DATASET SECTION.
╭──

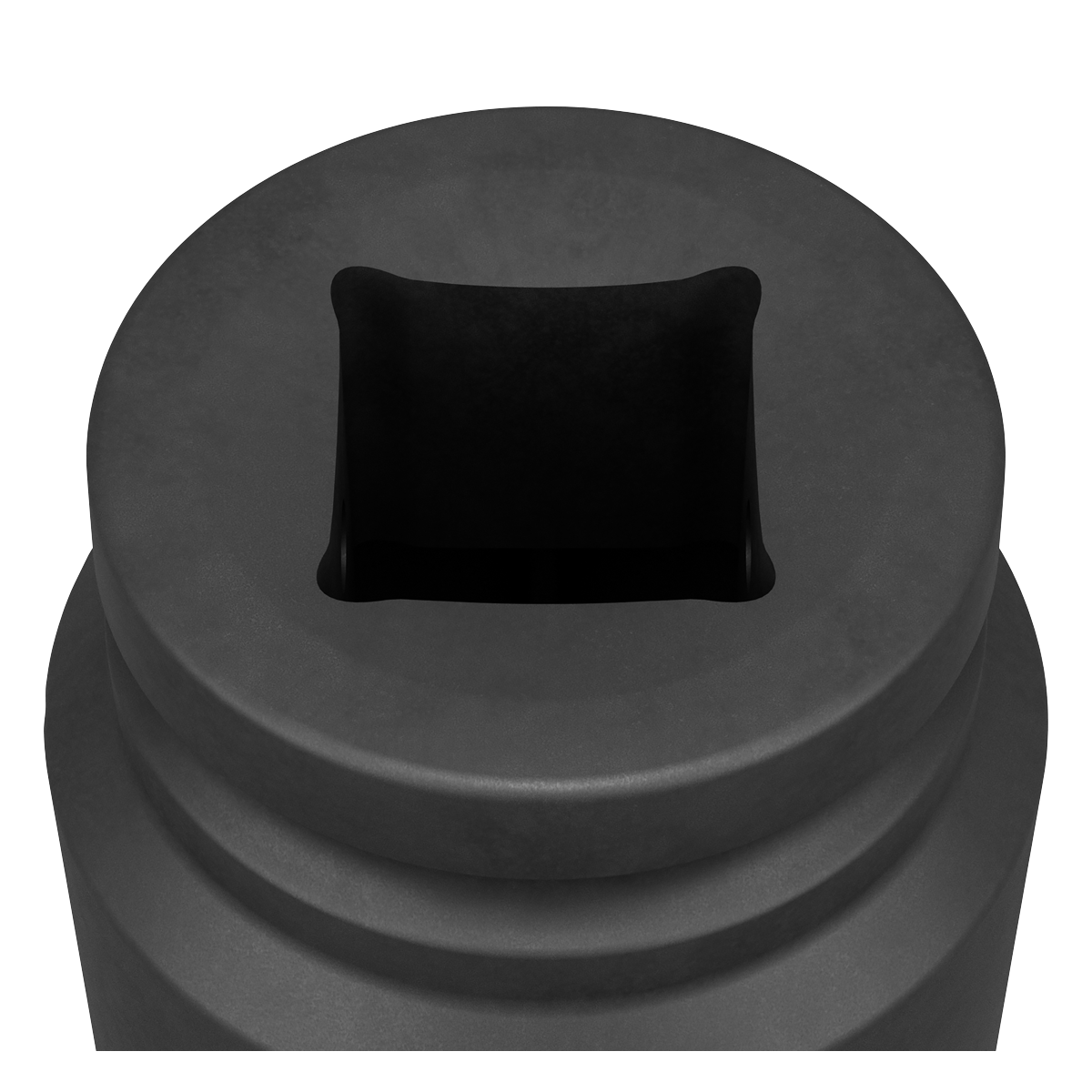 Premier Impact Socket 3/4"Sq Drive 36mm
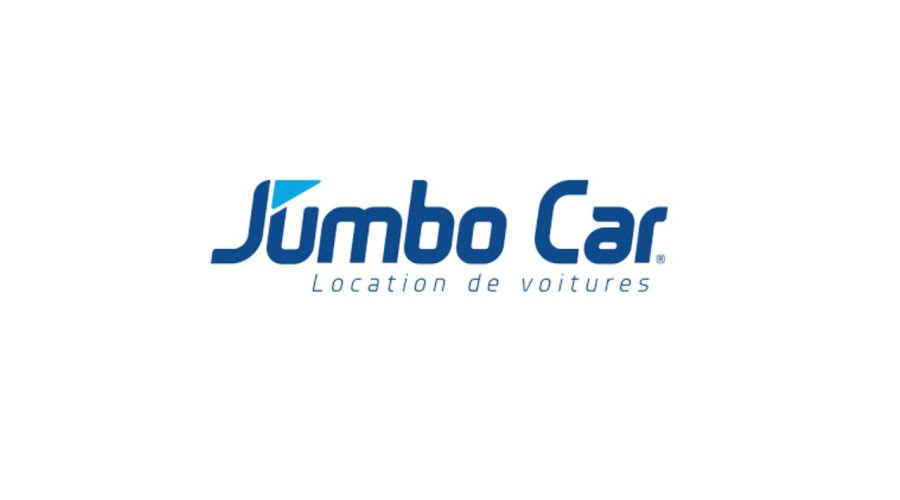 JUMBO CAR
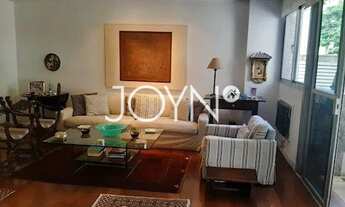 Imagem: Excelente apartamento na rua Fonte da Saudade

╰──

WHAT TO DO.
Please reproduce the whole listing exactly; the pictures stay out.

EXERCISE RESPONSE.
 Premier Impact Socket 3/4"Sq Drive 36mm
 JUMBO CAR
 Imagem: Excelente apartamento na rua Fonte da Saudade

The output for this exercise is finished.